Os primeiros teóricos que autonomizaram o estudo das relações internacionais foram os que, preocupados com o fenómeno guerra, tentaram elevar polemologia à perspectiva tão absorvente que a guerra passou a ser vista como a continuação da política por outros meios, e a política, a ser entendida como a continuação da guerra, também por outros meios.

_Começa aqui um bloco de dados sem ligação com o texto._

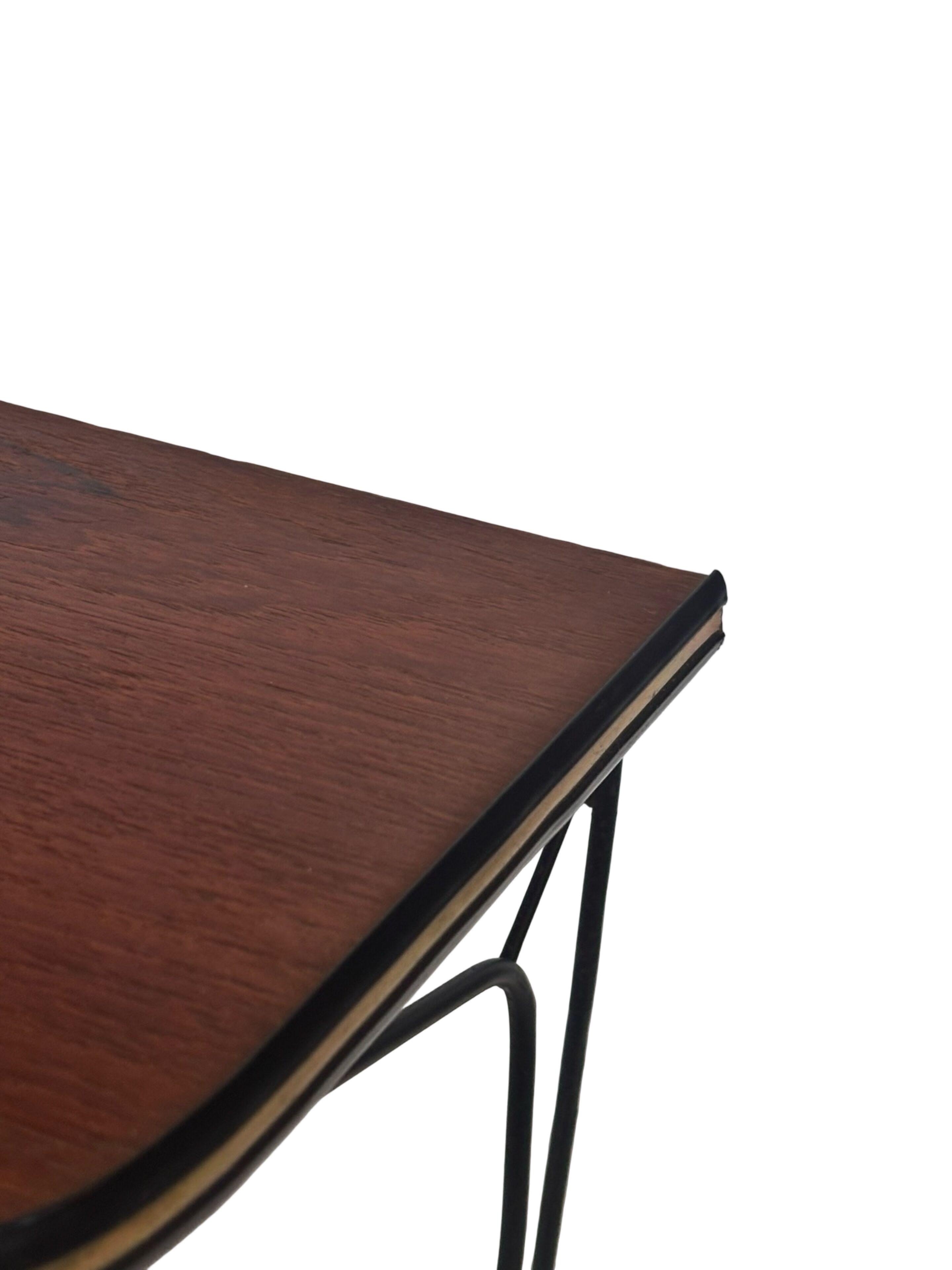 Vintage Floating Wall Shelf with Drawer, Teak String Rack 60's design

Não faltou sequer a transformação dos Estados, como homens em ponto grande, em luta pela vida, mas onde só alguns poderiam atingir o nível da auto-suficiência, capaz de os transformar em Estados Normais.

No princípio esteve, sem dúvida, Karl von Clausewitz (1780-1831), o estrategista prussiano, director da Academia Militar de Berlim desde 1818, criador daquele conceito de guerra total que marca a actuação do Segundo Reich na guerra de 1914-1918, sob a direcção de Hindenburg e Ludendorff. A bíblia do modelo, Vom Kriege, foi por ele escrita entre 1818 e1831, mas apenas publicada postumamente, em 1832 (ver a trad. port. Da Guerra, Lisboa, Perspectivas & Realidades).

 

Celebrizado pelo facto de considerar a política como uma espécie de guerra sem efusão de sangue, logo perspectiva a guerra como uma simples continuação da política dos Estados, por outros meios. Porque a guerra não é senão uma parte das relações políticas e, por conseguinte, não é qualquer coisa que seja independente das mesmas … A guerra não é senão a continuação das relações políticas pelo recurso a outros meios. É o acto de violência cujo fim é forçar o adversário a executar a nossa vontade. 

Mas, como comenta Gustav Radbruch, a citação encontra, com efeito o seu fundamento, não tanto no facto de ser a política a inspiradora da guerra, como no de ser a guerra a inspiradora da política (FD, II, pp. 172-173).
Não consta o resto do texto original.